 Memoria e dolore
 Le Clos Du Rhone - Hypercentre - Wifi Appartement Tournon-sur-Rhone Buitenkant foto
==
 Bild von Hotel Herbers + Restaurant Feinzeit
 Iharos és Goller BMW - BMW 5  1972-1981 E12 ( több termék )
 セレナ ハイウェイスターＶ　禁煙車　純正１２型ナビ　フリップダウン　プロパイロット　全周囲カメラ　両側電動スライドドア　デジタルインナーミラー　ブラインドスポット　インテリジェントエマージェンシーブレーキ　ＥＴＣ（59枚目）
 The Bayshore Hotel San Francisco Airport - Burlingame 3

* **WORK TASK**: Go through the records above, find each line with the string "Hotel", and copy it.

* **RESULT OF THE EXERCISE**:
 Bild von Hotel Herbers + Restaurant Feinzeit
 The Bayshore Hotel San Francisco Airport - Burlingame 3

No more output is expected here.